A Role is a set which has predefined mapping of application(s) and entitlement(s) within. It helps manage a large quantity of entitlements and applications, as well as a large quantity of access requests.
Many IDM Systems provide:
- Create Roles
- Adding entitlements and applications to Roles
- Role modelling & simulations - To assess affect of Role on overall access
IDHub provides a Role creation feature as well. In IDHub you can:
- Create Single Role using Role wizard
- Create Bulk Roles using Bulk Upload feature (using xls, csv files)

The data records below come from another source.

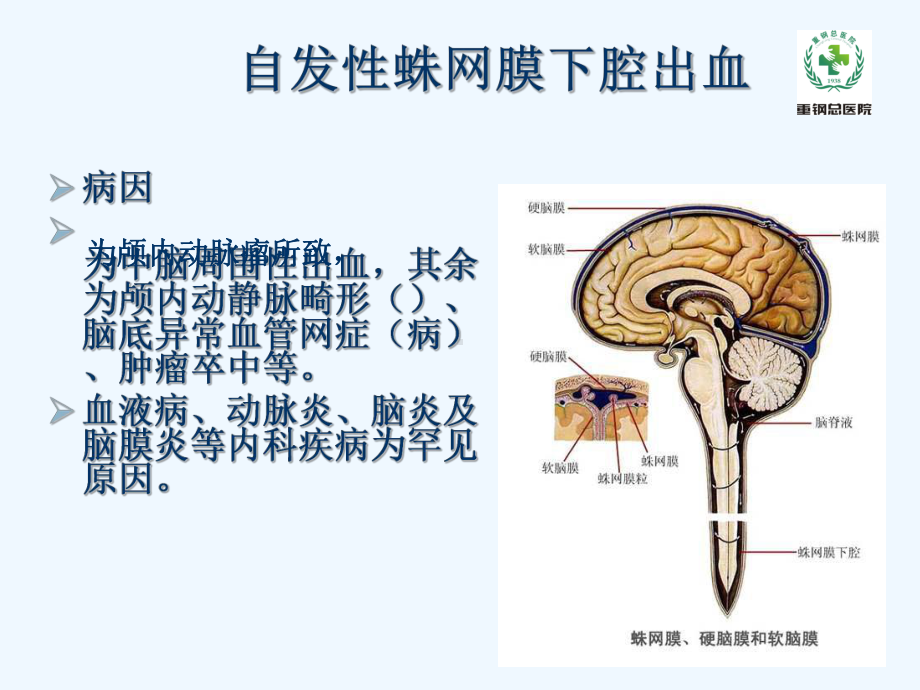 自发性蛛网膜下腔出血课件.ppt_第3页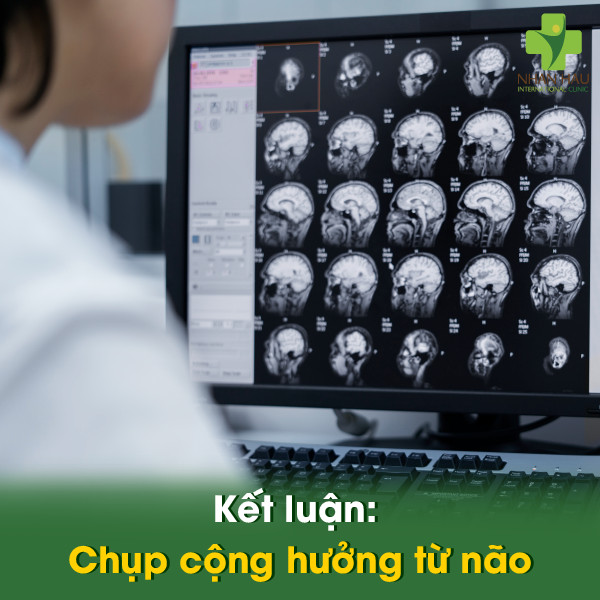 Kết luận: Chụp cộng hưởng từ não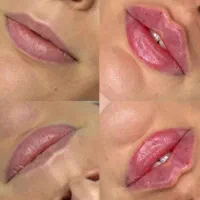 خدمات زیبایی ژل و بوتاکس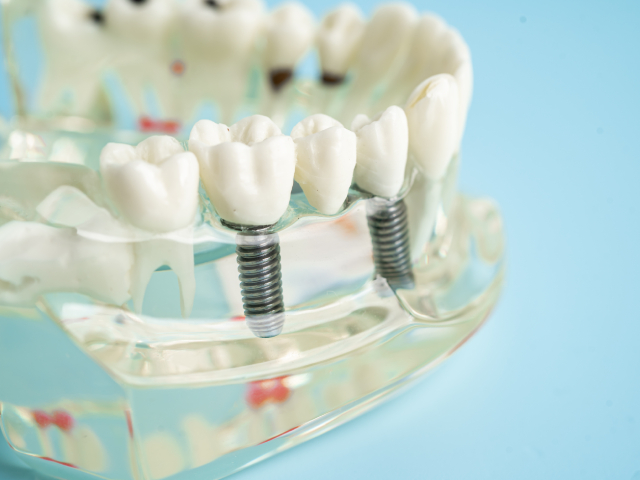 Why Choose Vivid Dental of Raleigh (4)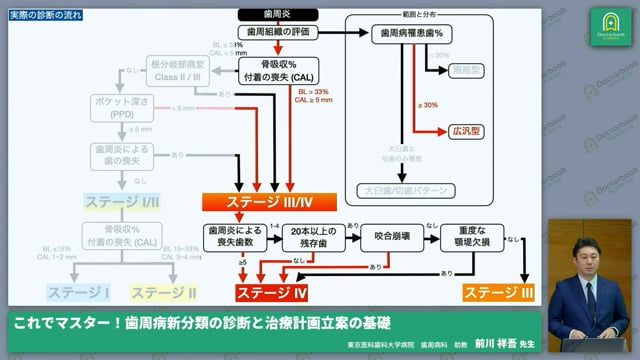 歯周炎の治療計画立案のコツ-基礎編-│Part7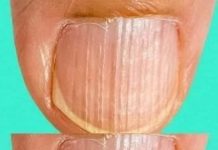 Geriffelte Fingernägel enthüllen Geheimnisse möglicher Krankheiten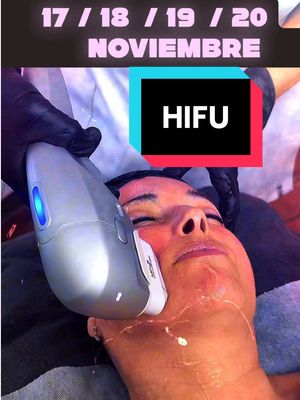 Próximas sesiones del tratamiento Reafirmante #hifu #tratamientoestetico #loliterapia #castellardelvalles 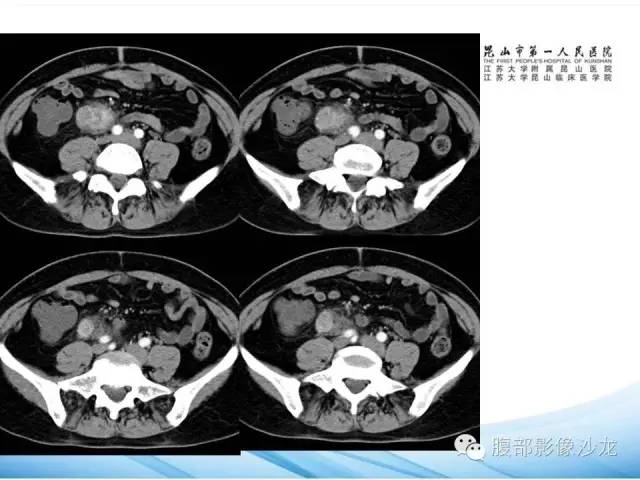 【病例】腹膜后平滑肌肉瘤1例CT影像表现 【病例】腹膜后平滑肌肉瘤1例CT影像表现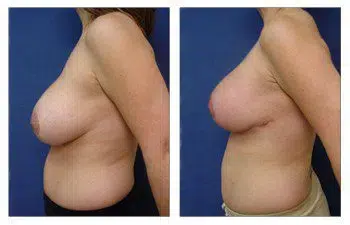 The transformation of a woman's breast before and after a breast augmentation surgery performed by a skilled surgeon specializing in revision procedures in Newport Beach.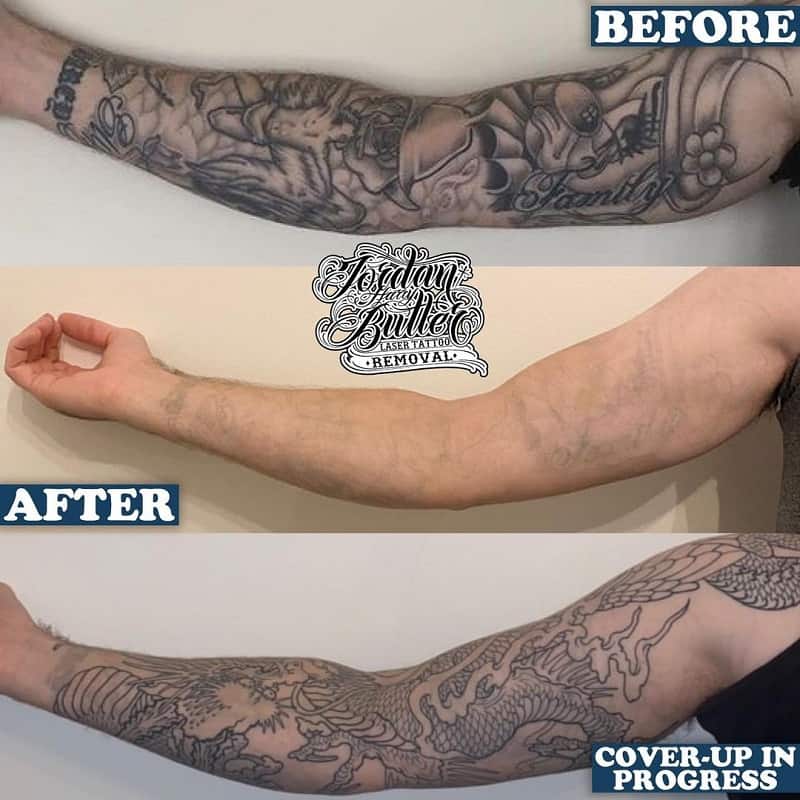 eliminación de tatuajes con láser y cubrir con un nuevo tatuaje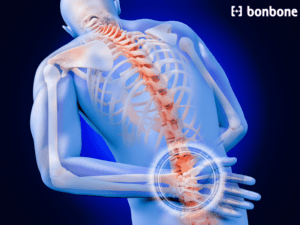 Đau lưng do thiếu canxi: Nguyên nhân và cách bổ sung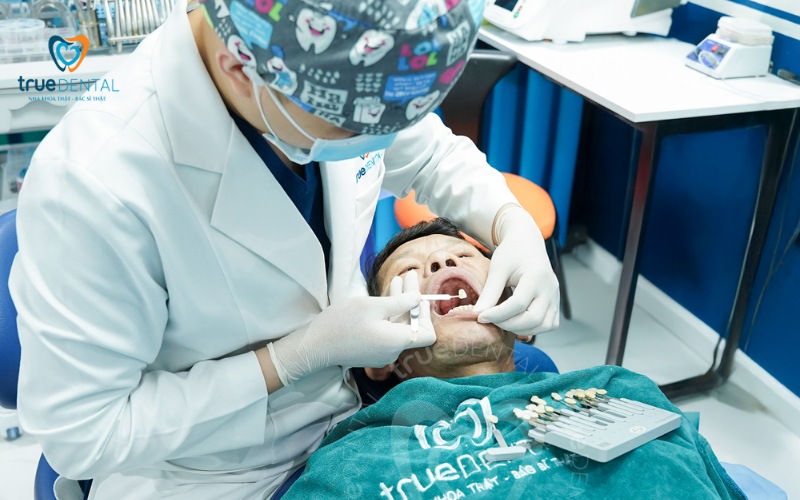 Độ dày mỏng của Veneer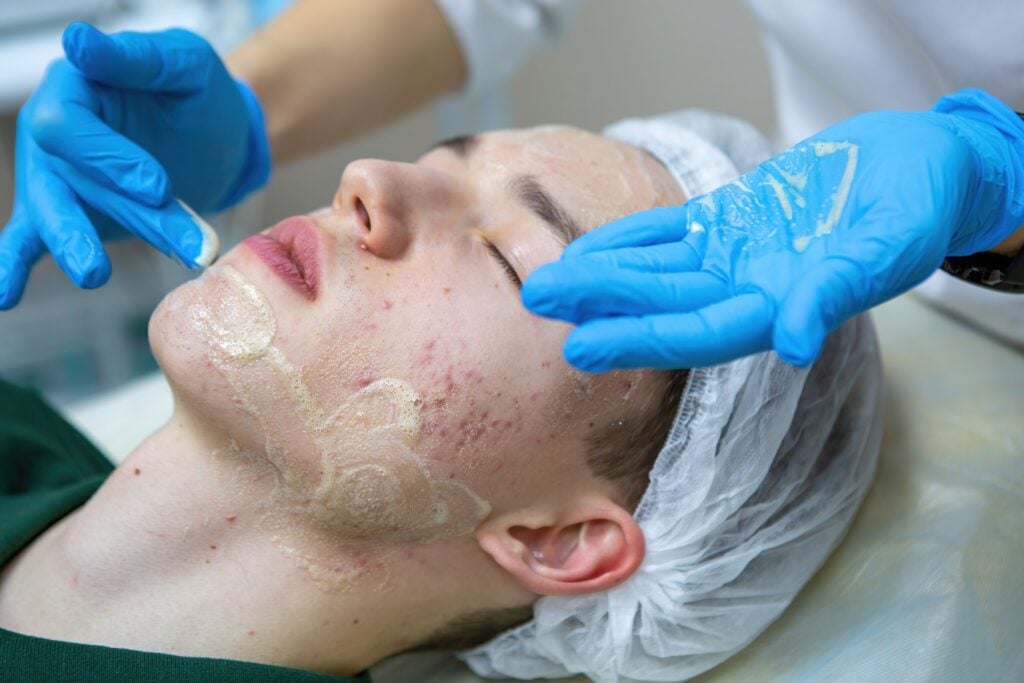 UMI Clear Skin Acne Facial 90 Min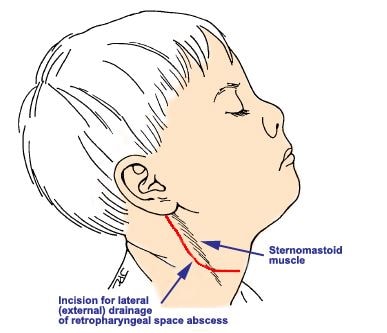 Retropharyngeal space Abscess drainage
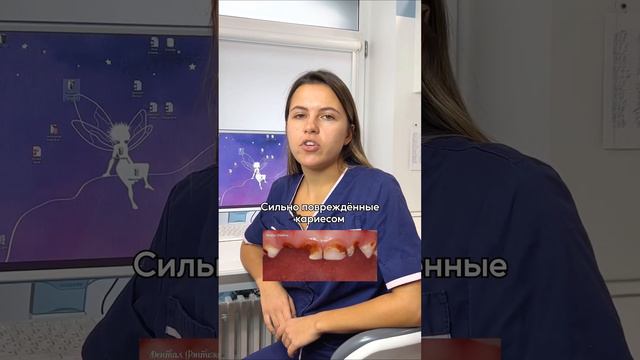 Нужно ли удалять молочные зубы в клинике❓ смотреть онлайн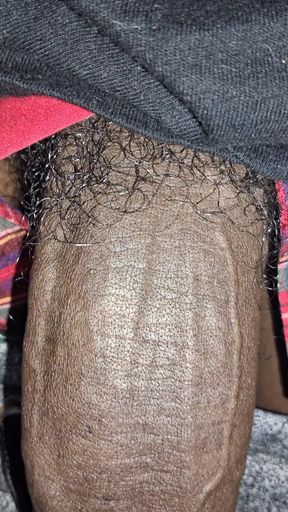 Close up on These Thick Veins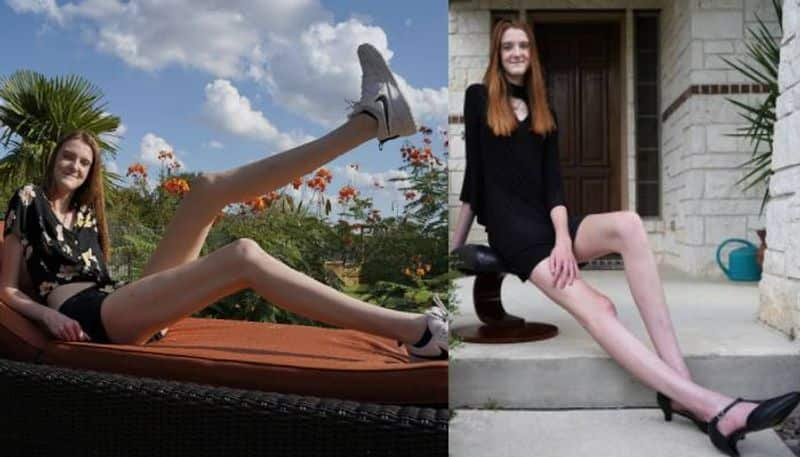 girl breaks Guinness World Record for longest legs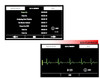 CU Medical iPAD SP2 Automatic External Defibrillator - Packages 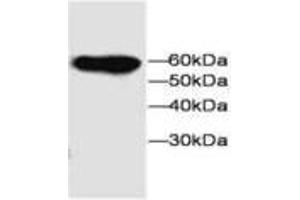Image no. 1 for anti-Microfibrillar-Associated Protein 3-Like (MFAP3L) antibody (ABIN791551) (MFAP3L antibody)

Role creation has 3 major elements:
- Birthright provisioning - Adding Roles to users as soon as they enter IDHub
- Condition based Role - Custom query based on which Roles will get assigned to users if they satisfy the condition
- Application & Entitlement mapping - Easy mapping of Role with existing applications and entitlements
Role Management: IDM Standard
Managing Roles can be challenging and a well thought through IDM System should be capable of:
- Adding or removing users from Role access
- Adding and removing Roles from applications and entitlements
- Role modification
Role Management: IDHub
IDHub allows for easy Role management by means of:
- Automatic Role on-boarding to users based on specific conditions
- Automatic Role removal to existing users based on account changes
- Automatic Role mapping when changes are made within applications and connected entitlements
Logging, Analytics and Reporting: IDM Standard
IDM Systems should allow for efficient logging, analytics, and reporting, with the ability to:
- Log all user activity made within an application
- Perform analytics on existing data in system
- Provide actionable information on analytics performed
Logging, Analytics and Reporting: IDHub
IDHub records and stores all data in a repository. Organizations can perform actions like:
- Scheduled backups and restoration of data and configurations
- Easy transfer of data from one environment to another: for on-premise users
- Provide custom reports in IDHub via JS Scripts
- Customized dashboards for end-users and administrators
Future releases of IDHub will feature:
- Single Pane of Glass: Use IDHub with multiple IDM Systems at a single point in time
- IDHub is capable of layering off existing IDM Systems
- IDHub can be used while migrating from one IDM System to the next
- Custom IDM System Triggers within Workflows:
- IDHub is smart, and can create a custom set of rules with triggers
- Security Hub:
- Ease off compliance adherence: HIPAA, NERC-SIP, SOX, etc.